Plaintiff notes that the House Conference Report on the termination assessment provisions stated that "[n]otice with respect to the assessment is given to, and the right to contest the assessment is vested in the person found in possession of the cash." H.R.Conf.Rep. No. 760, 97th Cong., 2d Sess., reprinted in [1982] U.S.Code Cong. & Ad.News 781, 1355.

In the instant case, the unambiguous language of § 6867 obviates the need to resort to the legislative history as an aid to construction. Moreover, the interpretation of § 6867 in the House Conference Report does not conform with the text of the statute nor with subsequent legislative explanation of this provision. A report prepared by the staff of the Joint Committee on Taxation immediately after the enactment of § 6867 explained:

 
Notice with respect to the assessment must be given to the person found in possession of the cash. However, since that person denies ownership of the cash, he may not prosecute any action with respect to the cash. Staff of Joint Comm. on Taxation, 97th Cong., 2d Sess., General Explanation of the Revenue Provisions *479 of the Tax Equity and Fiscal Responsibility Act of 1982, at 230 (Comm. Print Dec. 31, 1982).

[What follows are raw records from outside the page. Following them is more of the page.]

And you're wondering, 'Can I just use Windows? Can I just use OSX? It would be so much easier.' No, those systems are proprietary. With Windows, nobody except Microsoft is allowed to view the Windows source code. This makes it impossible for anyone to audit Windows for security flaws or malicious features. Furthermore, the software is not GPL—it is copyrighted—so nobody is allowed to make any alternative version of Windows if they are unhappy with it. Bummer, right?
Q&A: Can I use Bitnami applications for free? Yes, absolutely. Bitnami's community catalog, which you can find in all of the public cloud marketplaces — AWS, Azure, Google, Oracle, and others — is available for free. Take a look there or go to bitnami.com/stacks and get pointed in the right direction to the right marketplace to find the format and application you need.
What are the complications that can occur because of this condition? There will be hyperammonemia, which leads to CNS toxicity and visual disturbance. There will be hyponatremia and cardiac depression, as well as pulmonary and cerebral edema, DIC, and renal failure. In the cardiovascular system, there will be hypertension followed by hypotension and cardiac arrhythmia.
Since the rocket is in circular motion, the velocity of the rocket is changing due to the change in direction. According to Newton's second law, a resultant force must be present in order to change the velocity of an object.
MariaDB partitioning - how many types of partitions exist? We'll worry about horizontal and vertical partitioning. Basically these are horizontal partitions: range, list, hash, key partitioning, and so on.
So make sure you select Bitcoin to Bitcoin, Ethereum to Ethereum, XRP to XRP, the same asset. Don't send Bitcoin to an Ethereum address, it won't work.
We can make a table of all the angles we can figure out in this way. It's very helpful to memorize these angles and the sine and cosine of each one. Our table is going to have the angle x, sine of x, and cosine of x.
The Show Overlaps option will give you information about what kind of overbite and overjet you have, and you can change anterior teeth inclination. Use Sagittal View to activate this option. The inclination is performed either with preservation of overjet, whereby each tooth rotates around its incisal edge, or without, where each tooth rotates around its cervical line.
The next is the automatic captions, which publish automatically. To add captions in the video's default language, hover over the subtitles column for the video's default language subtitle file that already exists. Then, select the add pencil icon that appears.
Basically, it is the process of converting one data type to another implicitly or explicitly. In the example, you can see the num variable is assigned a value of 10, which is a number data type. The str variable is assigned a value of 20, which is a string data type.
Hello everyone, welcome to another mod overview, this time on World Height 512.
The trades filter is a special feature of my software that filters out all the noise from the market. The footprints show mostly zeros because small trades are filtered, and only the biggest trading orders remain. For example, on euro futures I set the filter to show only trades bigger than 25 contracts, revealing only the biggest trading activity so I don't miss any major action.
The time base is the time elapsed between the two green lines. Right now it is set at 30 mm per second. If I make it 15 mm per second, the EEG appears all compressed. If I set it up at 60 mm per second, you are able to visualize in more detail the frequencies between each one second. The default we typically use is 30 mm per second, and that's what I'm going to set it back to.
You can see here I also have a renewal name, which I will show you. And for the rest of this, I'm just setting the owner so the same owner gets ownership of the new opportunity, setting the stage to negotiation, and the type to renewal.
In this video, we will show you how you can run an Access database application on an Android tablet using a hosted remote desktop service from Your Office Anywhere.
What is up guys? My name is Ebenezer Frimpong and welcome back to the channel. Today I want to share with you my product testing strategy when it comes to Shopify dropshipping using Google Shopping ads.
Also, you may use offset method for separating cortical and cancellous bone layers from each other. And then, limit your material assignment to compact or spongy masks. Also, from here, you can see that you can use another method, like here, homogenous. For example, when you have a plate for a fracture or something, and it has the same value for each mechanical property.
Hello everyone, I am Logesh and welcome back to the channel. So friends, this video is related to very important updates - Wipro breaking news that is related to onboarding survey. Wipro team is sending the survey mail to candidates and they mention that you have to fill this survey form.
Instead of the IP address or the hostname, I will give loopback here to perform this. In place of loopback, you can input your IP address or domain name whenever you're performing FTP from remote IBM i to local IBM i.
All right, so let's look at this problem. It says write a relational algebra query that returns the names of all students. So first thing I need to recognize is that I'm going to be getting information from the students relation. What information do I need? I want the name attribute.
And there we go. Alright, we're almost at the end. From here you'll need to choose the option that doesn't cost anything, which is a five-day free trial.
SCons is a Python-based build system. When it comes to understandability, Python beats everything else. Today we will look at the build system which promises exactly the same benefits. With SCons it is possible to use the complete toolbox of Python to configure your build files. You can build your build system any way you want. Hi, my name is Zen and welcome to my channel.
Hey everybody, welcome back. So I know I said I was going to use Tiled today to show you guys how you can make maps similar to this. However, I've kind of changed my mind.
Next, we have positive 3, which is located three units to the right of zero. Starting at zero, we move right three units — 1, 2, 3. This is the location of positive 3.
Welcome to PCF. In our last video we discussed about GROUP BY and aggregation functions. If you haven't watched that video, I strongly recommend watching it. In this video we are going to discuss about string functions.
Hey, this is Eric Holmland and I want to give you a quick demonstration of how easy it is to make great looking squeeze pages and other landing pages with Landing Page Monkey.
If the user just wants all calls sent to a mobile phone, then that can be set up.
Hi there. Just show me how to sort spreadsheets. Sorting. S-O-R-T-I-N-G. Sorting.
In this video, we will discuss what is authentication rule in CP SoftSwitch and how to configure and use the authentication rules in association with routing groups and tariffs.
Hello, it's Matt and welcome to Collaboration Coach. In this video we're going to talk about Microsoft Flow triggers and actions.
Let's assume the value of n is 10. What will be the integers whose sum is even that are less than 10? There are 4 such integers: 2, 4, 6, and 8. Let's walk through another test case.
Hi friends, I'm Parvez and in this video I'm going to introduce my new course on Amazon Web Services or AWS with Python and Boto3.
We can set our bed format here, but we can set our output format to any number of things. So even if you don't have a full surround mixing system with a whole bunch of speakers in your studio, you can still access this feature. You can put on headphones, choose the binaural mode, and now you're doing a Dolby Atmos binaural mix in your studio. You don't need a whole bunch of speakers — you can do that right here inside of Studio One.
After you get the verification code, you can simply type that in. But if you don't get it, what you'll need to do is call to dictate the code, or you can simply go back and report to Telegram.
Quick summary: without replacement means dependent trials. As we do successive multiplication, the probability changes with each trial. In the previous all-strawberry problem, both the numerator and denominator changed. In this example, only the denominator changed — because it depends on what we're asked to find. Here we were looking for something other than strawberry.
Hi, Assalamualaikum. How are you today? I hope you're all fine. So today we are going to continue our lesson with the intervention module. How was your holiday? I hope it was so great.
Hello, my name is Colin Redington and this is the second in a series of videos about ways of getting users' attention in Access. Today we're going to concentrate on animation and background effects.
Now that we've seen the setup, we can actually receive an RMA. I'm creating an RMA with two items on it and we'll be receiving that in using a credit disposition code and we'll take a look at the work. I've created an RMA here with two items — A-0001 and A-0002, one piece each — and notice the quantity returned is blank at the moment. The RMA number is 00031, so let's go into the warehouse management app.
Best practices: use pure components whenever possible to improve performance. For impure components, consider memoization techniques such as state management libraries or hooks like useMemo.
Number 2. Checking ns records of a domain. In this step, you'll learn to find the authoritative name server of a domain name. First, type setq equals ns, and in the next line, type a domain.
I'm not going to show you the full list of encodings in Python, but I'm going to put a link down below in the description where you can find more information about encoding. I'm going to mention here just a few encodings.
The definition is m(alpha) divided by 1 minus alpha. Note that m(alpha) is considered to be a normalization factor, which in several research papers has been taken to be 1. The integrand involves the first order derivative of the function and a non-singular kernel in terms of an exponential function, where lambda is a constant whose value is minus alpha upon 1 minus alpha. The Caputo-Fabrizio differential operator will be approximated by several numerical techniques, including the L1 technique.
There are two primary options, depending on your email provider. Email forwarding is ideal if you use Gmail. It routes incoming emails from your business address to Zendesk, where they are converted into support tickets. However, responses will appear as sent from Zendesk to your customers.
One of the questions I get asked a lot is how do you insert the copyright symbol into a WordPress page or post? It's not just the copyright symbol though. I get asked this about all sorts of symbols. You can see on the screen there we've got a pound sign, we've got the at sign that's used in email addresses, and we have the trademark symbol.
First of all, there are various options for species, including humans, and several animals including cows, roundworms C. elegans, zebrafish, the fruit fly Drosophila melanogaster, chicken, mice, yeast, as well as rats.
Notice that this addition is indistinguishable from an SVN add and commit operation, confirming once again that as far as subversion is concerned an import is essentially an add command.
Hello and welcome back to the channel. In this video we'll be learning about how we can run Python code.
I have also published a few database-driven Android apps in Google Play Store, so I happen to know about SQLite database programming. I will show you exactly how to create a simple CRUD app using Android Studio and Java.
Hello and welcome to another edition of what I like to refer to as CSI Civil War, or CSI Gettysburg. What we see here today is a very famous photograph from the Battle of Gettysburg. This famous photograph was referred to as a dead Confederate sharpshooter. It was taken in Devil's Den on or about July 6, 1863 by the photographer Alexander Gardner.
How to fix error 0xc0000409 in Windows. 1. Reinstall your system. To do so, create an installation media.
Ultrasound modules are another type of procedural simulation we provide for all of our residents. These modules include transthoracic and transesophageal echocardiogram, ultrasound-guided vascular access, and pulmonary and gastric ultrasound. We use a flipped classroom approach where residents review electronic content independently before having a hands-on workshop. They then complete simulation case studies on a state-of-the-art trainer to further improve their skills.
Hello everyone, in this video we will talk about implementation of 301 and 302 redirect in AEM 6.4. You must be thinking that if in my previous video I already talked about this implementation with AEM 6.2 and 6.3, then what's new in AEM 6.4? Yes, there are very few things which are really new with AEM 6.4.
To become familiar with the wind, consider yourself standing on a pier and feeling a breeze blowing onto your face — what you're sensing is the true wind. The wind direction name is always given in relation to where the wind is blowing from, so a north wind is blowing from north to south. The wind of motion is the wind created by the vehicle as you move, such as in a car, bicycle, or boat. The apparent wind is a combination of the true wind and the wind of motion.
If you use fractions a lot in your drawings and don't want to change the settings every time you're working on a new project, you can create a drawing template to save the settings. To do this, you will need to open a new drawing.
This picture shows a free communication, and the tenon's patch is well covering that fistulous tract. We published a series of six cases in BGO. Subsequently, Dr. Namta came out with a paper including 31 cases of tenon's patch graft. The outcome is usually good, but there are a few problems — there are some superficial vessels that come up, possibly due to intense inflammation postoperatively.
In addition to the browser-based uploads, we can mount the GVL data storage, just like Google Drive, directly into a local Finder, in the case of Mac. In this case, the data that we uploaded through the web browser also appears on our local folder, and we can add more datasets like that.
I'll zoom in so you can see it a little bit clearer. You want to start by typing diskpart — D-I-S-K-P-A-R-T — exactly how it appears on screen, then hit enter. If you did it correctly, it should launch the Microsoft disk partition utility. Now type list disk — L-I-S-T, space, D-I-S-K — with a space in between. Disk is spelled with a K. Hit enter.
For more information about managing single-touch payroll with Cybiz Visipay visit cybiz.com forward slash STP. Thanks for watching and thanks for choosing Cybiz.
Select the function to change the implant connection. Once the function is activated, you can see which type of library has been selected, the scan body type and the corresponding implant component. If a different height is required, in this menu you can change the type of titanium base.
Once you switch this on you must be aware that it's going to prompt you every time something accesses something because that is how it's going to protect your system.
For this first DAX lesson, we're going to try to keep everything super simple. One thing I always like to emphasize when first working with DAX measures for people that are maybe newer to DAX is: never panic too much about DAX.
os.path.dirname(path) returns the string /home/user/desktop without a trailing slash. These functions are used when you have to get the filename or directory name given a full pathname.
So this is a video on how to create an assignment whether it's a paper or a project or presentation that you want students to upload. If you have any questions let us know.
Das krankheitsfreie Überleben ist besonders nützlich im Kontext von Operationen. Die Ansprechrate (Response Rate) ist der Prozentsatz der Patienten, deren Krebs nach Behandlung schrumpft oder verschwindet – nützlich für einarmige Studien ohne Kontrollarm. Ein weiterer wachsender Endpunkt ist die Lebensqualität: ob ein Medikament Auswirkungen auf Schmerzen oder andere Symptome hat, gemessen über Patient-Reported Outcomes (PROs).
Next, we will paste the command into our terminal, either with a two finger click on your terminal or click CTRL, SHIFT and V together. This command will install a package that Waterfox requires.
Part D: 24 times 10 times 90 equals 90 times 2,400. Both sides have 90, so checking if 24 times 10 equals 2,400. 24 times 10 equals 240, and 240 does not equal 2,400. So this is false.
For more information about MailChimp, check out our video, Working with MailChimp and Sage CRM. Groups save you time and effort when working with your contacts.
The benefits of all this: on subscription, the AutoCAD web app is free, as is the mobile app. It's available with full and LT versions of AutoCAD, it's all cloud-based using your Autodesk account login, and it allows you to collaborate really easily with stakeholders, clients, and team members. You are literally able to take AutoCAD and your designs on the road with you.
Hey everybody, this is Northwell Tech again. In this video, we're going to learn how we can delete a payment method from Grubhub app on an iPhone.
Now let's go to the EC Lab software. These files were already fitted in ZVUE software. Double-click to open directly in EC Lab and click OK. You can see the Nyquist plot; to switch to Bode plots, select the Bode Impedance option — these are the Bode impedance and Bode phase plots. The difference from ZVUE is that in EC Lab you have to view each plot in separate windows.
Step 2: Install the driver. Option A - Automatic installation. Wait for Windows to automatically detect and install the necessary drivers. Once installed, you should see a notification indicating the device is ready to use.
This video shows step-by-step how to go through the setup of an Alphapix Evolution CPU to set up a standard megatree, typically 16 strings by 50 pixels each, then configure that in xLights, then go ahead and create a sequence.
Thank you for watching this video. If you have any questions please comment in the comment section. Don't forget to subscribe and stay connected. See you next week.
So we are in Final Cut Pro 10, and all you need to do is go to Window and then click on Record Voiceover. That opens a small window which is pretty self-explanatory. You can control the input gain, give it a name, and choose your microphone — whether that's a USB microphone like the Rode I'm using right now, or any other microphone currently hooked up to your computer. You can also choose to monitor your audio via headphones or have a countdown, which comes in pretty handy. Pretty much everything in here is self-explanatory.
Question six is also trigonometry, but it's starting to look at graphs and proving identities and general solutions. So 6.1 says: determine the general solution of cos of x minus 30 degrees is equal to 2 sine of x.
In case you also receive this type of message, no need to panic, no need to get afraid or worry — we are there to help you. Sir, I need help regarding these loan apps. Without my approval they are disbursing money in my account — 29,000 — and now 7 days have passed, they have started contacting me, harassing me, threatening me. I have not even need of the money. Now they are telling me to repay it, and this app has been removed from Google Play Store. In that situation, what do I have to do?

Therefore, I conclude that plaintiff cannot maintain this action for review of a termination assessment. Only the actual owner of cash can challenge an assessment involving that cash. Plaintiff does not have standing to prosecute this action as a representative of his unidentified client. Participation of the actual owner of the cash is indispensable to proper resolution of this case, because "both the fact and extent of injury ... require individualized proof." Warth v. Seldin, 422 U.S. 490, 515-16, 95 S. Ct. 2197, 2213-2214, 45 L. Ed. 2d 343 (1975).

NOTES

[1] Chapters 63 and 64 govern the mechanics of tax assessment and collection. Neither party maintains these provisions are relevant to the case at bar.